EXERCISE DESCRIPTION: Transcribe exactly, please, the lines from the one containing "Amoretu Women's Wool" through the end of the records below, and leave out the pictures.

SUPPLIED INFORMATION:
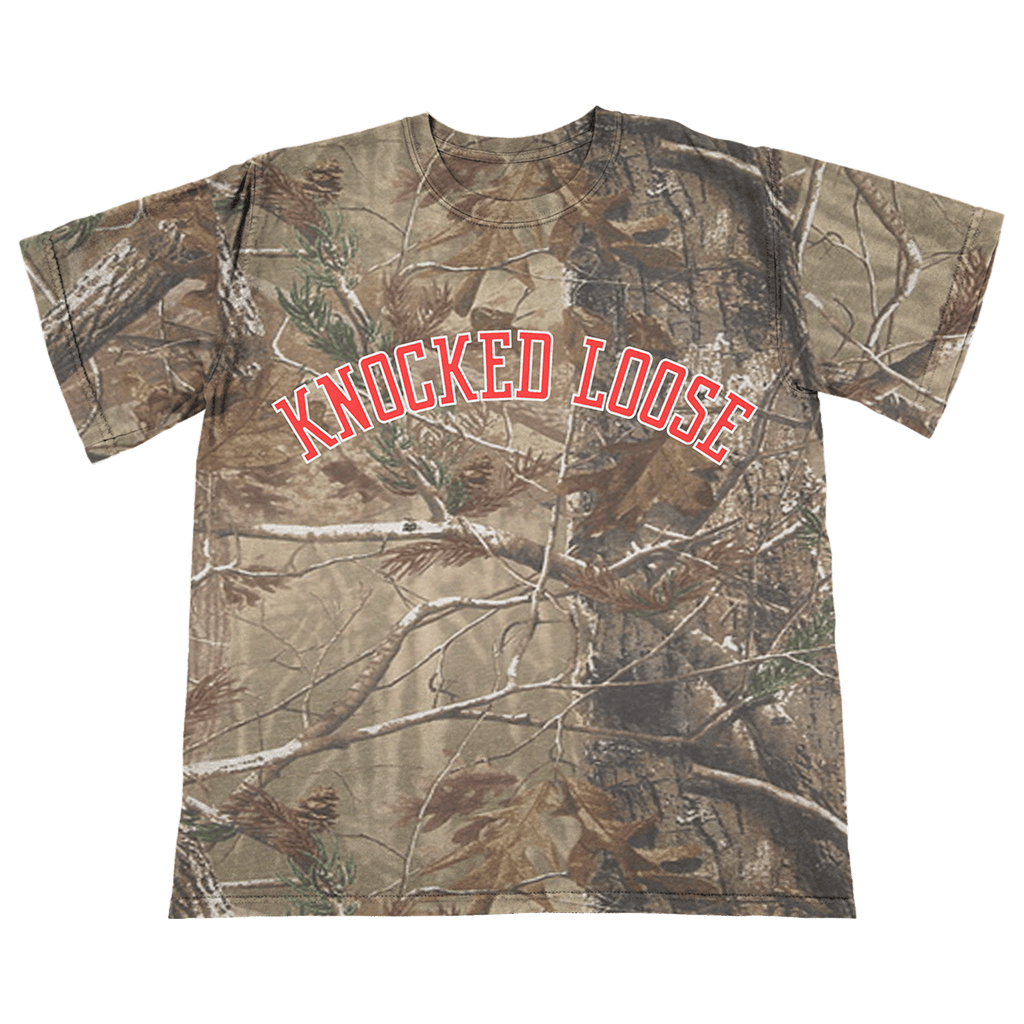Knocked Loose Merch Knocked Loose Varsity Arch Real Tree Camo T-Shirt Gifts For Father's Day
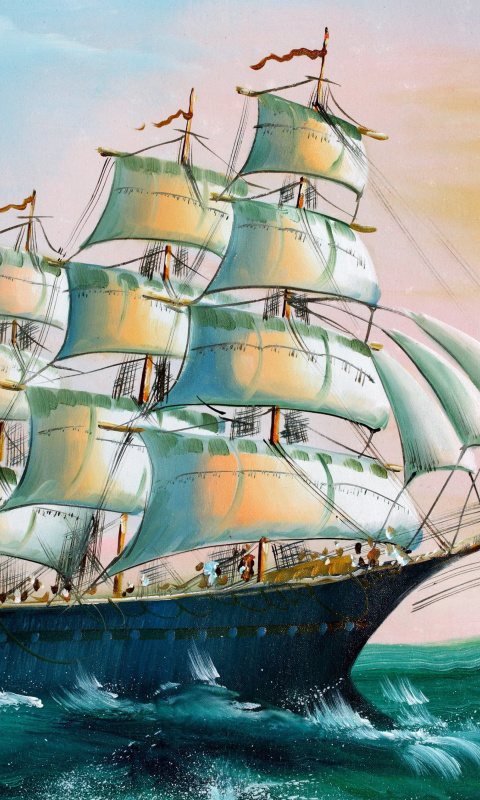 Das Sailboat in Crimea Wallpaper 480x800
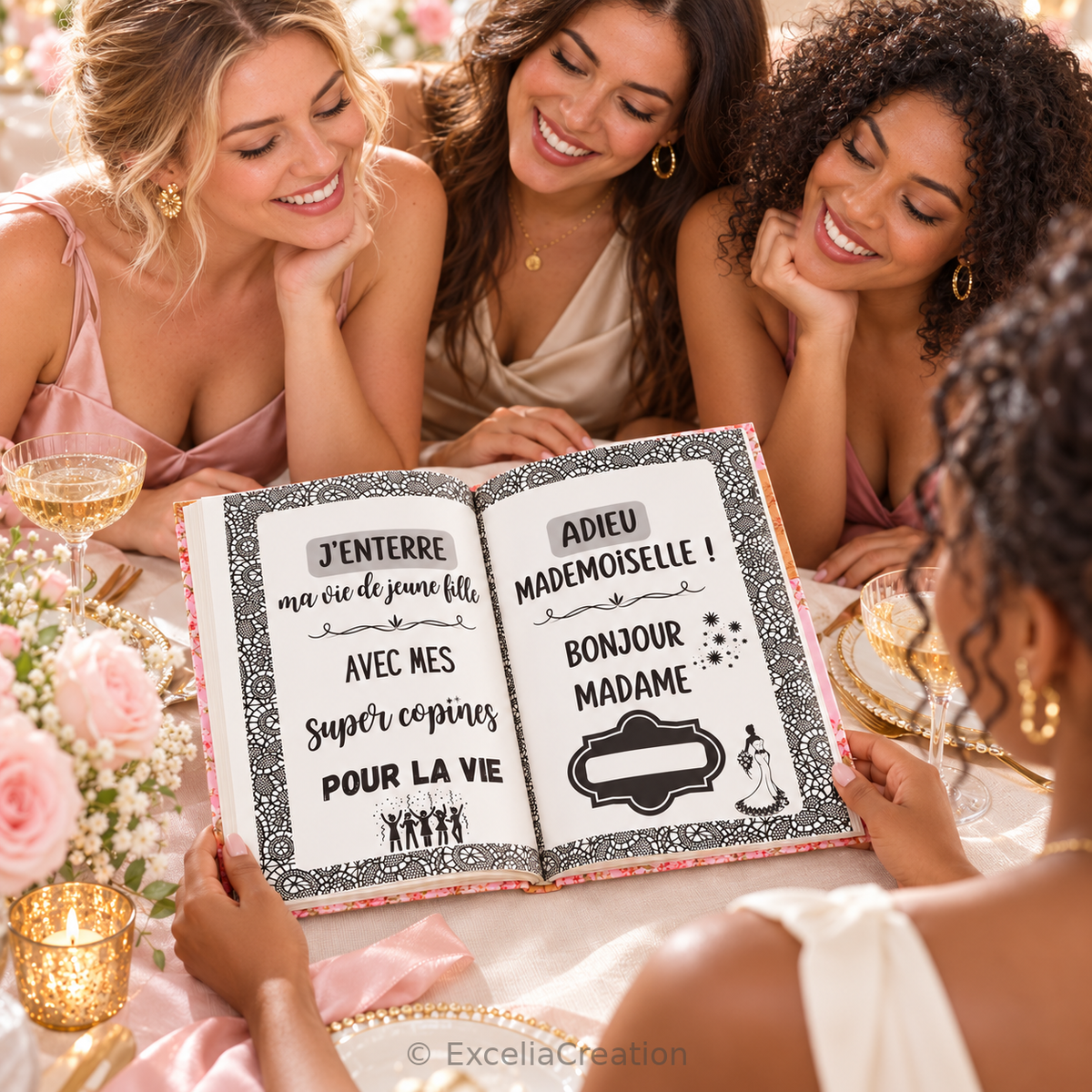 La future mariée découvre les pages de son livre d’or avec ses amies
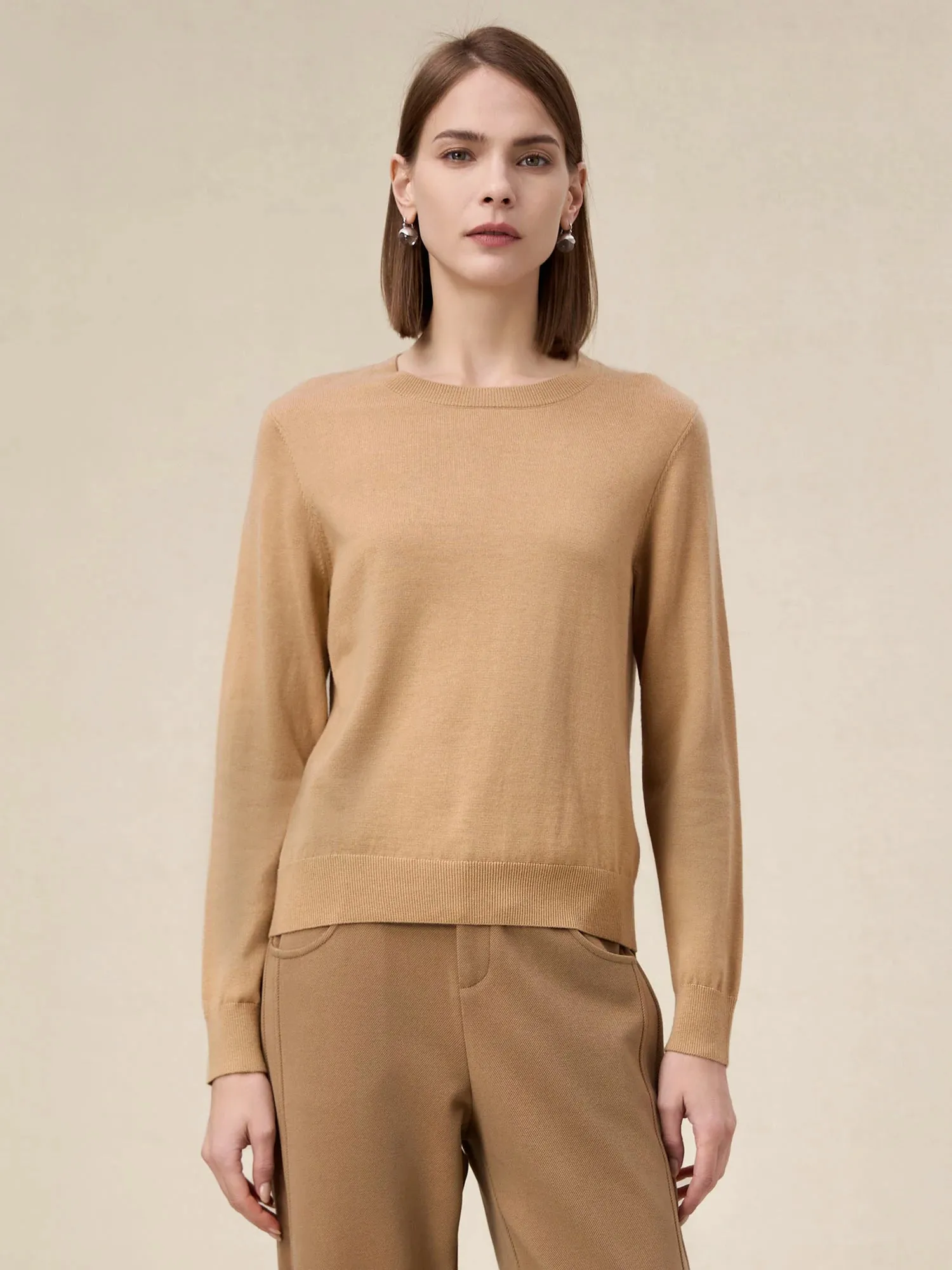 Amoretu Women's Wool Round Neck Long Sleeve Sweater sold by Amoretu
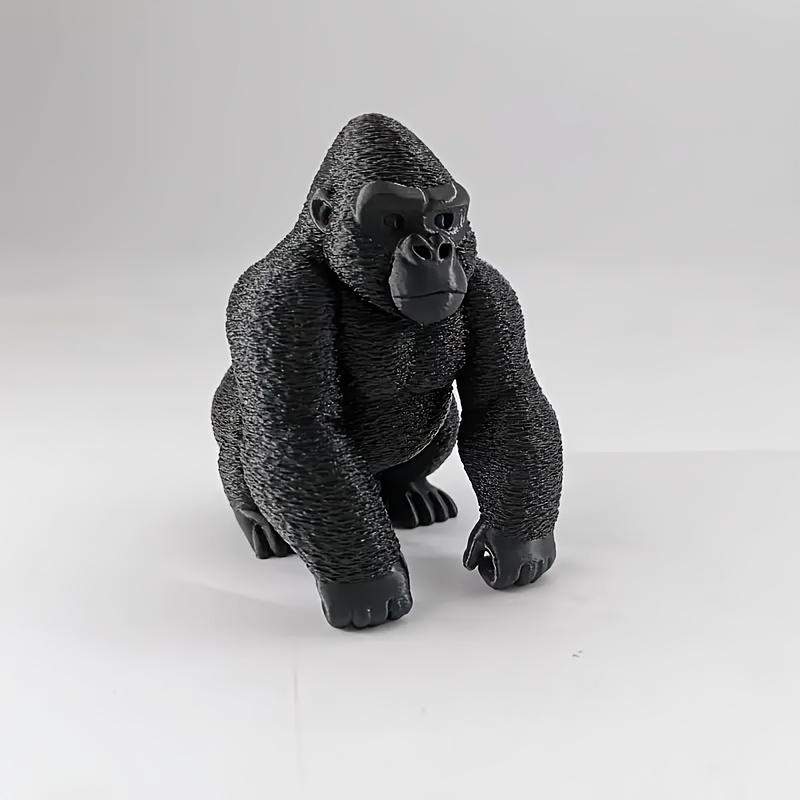 Серебряная статуэтка гориллы, напечатанная на 3D-принтере, Реалистичное украшение-шимпанзе, Для украшения рабочего стола, офиса и загородного дома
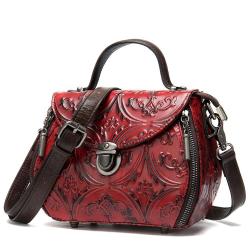 2024 New Designer Baroque Geometric Genuine Leather Handbags For Women High Quality Luxury Retro Small Ladies Hand Bags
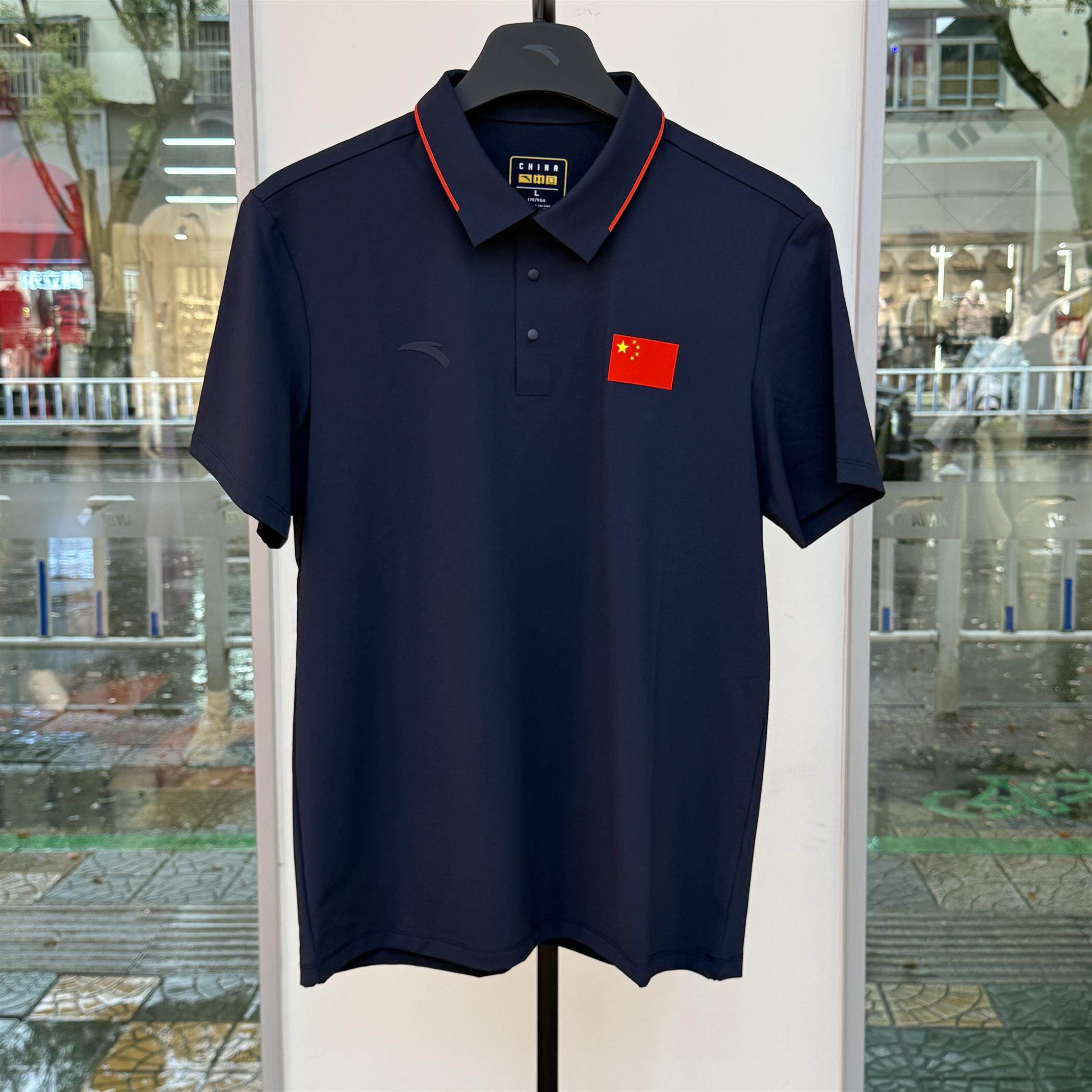 安踏国旗男装2026夏综训运动冰纱透气短袖POLO衫152627108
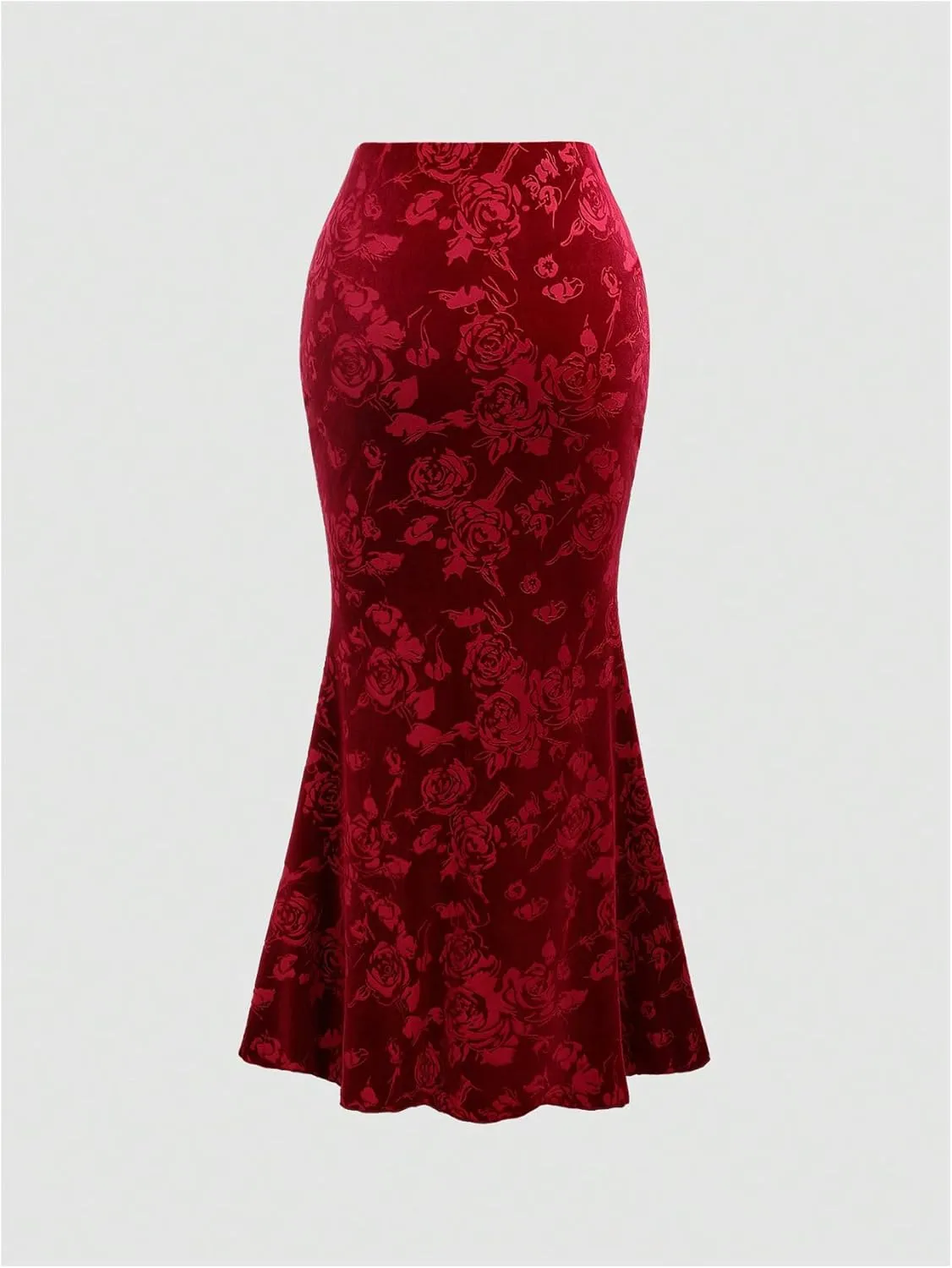 Verdusa Women's Vintage Floral Ruched Fishtail Skirt Elastic Waist Bodycon Long Skirt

RESPONSE BELOW:
 Amoretu Women's Wool Round Neck Long Sleeve Sweater sold by Amoretu
 Серебряная статуэтка гориллы, напечатанная на 3D-принтере, Реалистичное украшение-шимпанзе, Для украшения рабочего стола, офиса и загородного дома
 2024 New Designer Baroque Geometric Genuine Leather Handbags For Women High Quality Luxury Retro Small Ladies Hand Bags
 安踏国旗男装2026夏综训运动冰纱透气短袖POLO衫152627108
 Verdusa Women's Vintage Floral Ruched Fishtail Skirt Elastic Waist Bodycon Long Skirt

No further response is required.